Aún no palpita la cera en las manos, pero sí los sentidos que ven en la ciudad su principio y ocaso; aún es pronto para escuchar su rumor perpetuo, su mirada atávica, su abrazo tibio, su beso apasionado. Pero hay una certeza cuando la miras porque sabes que ha vuelto; porque nunca se irá mientras la mires y la sufras; porque ¡está ahí!, esperándote tras una esquina, proclamada desde los atriles del alma donde Luis o Mateo declaman que ya es Semana Santa.
El Domingo de Pasión ya ha exhalado su premonición decisiva. En los altares ha retumbado la premisa, de eco difuso de tambor ronco, que nos empuja al siguiente Domingo y nos arrollará con su caudal de instantes. El Hijo ya aguarda en la urna que en doce días contemplará la ciudad que ensoñaron Fresneda, Siuri o Trevilla, que, en apenas cuatro, la verá desde su Imagen invicta que nos enfrenta a la realidad de la Síndone.
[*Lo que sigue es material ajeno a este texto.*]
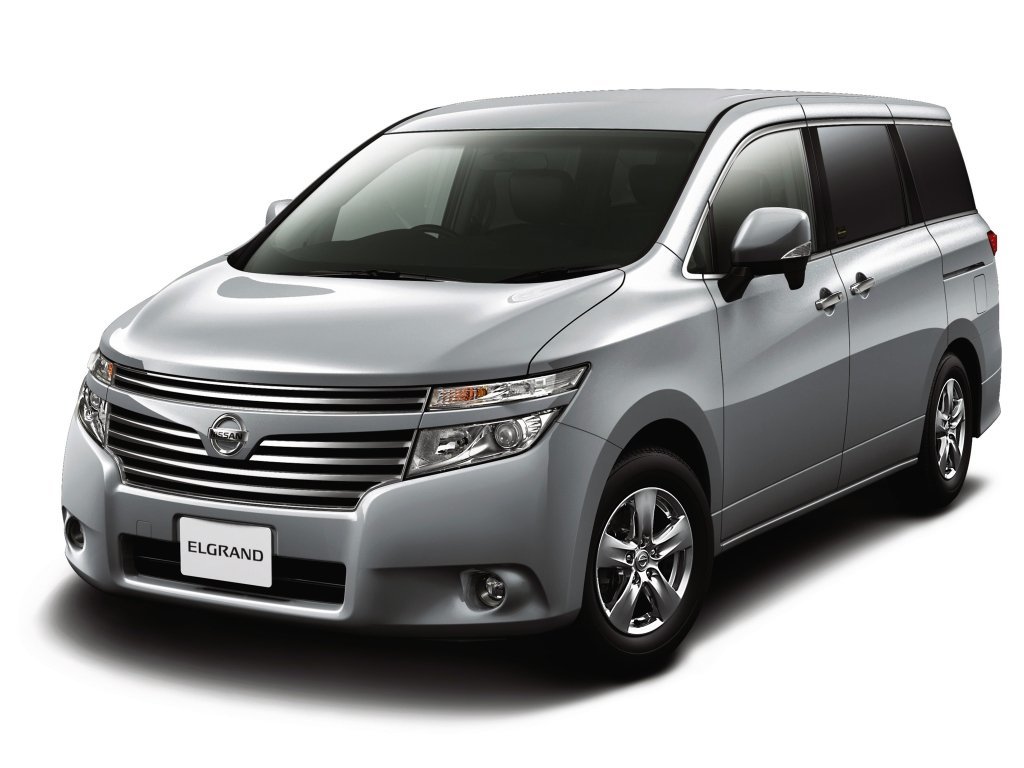 Фото Nissan Elgrand III (E52)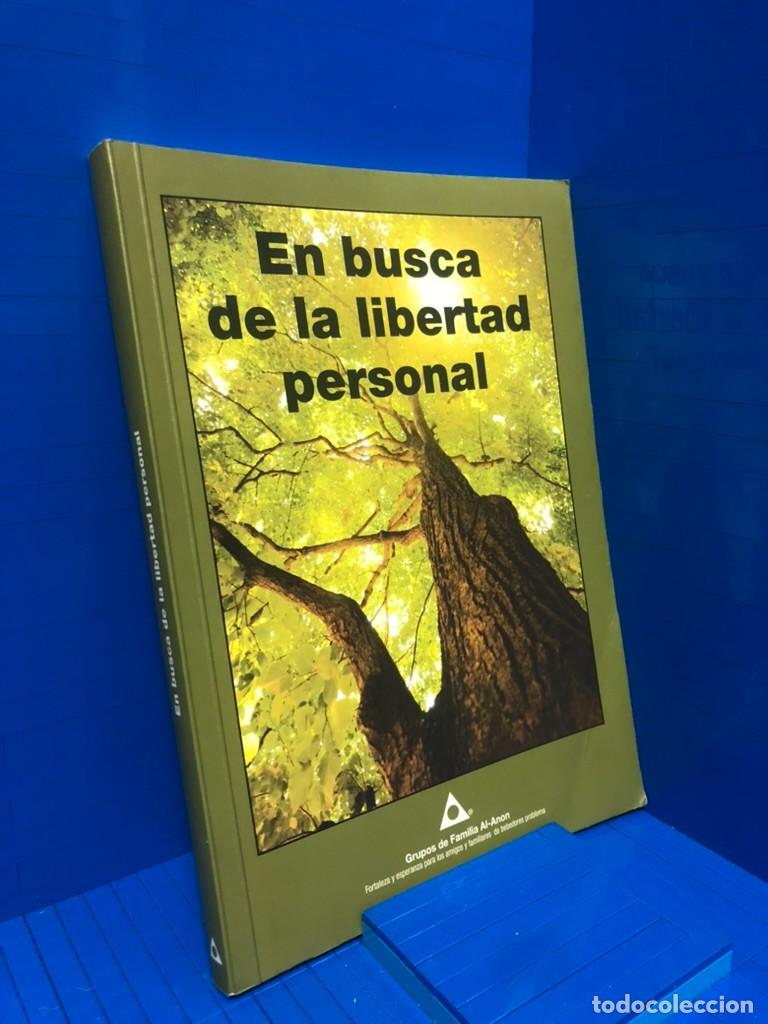Libros de segunda mano: EN BUSCA DE LA LIBERTAD PERSONAL (AL - ANON, 2013) - Foto 1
Desde el Hospital de Agudos al Alcázar, desde cualquier patio hasta la Iglesia-Hospital de Jesús Nazareno, la piedra, los muros y las aceras se manejan por la arquitectura distinta del mundo sutil que nos atrapa.
Ya es Lunes de Pasión y sólo restan un manojo de horas para que todo se cumpla. La víspera se agota y la apuramos, como un cáliz agridulce, sabedores de que la ilusión de las últimas semanas se agota para que, la definitiva, se repose cuando la luz se refleje en nuestra mirada cansada.